Bliss flushed. "The strength of the connection is ample."
Trevize said, "Don't be offended. I'm simply asking. Don't you see this as a disadvantage of being Gaia? I am not Gaia. I am a complete and independent individual. That means I can travel as far as I wish from my world and my people, and remain Golan Trevize. What powers I have, and such as they are, I continue to have, and they remain wherever I go. If I were alone in space, parsecs away from any human being, and unable, for some reason, to communicate with anyone in any way, or even to see the spark of a single star in the sky, I would be and remain Golan Trevize. I might not be able to survive, and I might die, but I would die Golan Trevize."
Bliss said, "Alone in space and far from all others, you would be unable to call on the help of your fellows, on their different talents and knowledge. Alone, as an isolated individual, you would be sadly diminished as compared with youself as part of an integrated society. You know that."
Trevize said, "There would nevertheless not be the same diminution as in your case. There is a bond between you and Gaia that is far stronger than the one between me and my society, and that bond stretches through hyperspace and requires energy for maintenance, so that you must gasp, mentally, with the effort, and feel yourself to be a diminished entity far more than I must."
Bliss's young face set hard and, for a moment, she looked young no more or, rather, she appeared ageless-more Gaia than Bliss, as though to refute Trevize's contention. She said, "Even if everything you say is so, Golan Trevize-that is, was, and will be, that cannot perhaps be less, but certainly cannot be more-even if everything you say is so, do you expect there is no price to be paid for a benefit gained? Is it not better to be a warm-blooded creature such as yourself than a cold-blooded creature such as a fish, or whatever?"
Pelorat said, "Tortoises are cold-blooded. Terminus doesn't have any, but some worlds do. They are shelled creatures, very slow-moving but long-living."
"Well, then, isn't it better to be a human being than a tortoise; to move quickly whatever the temperature, rather than slowly? Isn't it better to support high-energy activities, quickly contracting muscles, quickly working nerve fibers, intense and long-sustained thought-than to creep slowly, and sense gradually, and have only a blurred awareness of the immediate surroundings? Isn't it?"
"Granted," said Trevize. "It is. What of it?"
"Well, don't you know you must pay for warm-bloodedness? To maintain your temperature above that of your surroundings, you must expend energy far more wastefully than a tortoise must. You must be eating almost constantly so that you can pour energy into your body as quickly as it leaks out. You would starve far more quickly than a tortoise would, and die more quickly, too. Would you rather be a tortoise, and live more slowly and longer? Or would you rather pay the price and be a quick-moving, quick-sensing, thinking organism?"

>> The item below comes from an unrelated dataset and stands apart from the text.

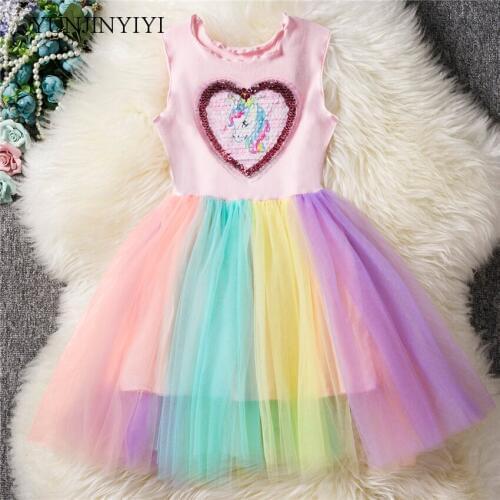 Fancy Dress for Girls Unicorn Party Dress up Kids Rainbow tutu Dresses for Girls Princess Girls Halloween Carnival Costume Wear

"Is this a true analogy, Bliss?"
"No, Trevize, for the situation with Gaia is more favorable. We don't expend unusual quantities of energy when we are compactly together. It is only when part of Gaia is at hyperspatial distances from the rest of Gaia that energy expenditure rises. And remember that what you have voted for is not merely a larger Gaia, not just a larger individual world. You have decided for Galaxia, for a vast complex of worlds. Anywhere in the Galaxy, you will be part of Galaxia and you will be closely surrounded by parts of something that extends from each interstellar atom to the central black hole. It would then require small amounts of energy to remain a whole. No part would be at any great distance from all other parts. It is all this you have decided for, Trevize. How can you doubt that you have chosen well?"
Trevize's head was bent in thought. Finally, he looked up and said, "I may have chosen well, but I must be convinced of that. The decision I have made it the most important in the history of humanity and it is not enough that it be a good one. I must know it to be a good one."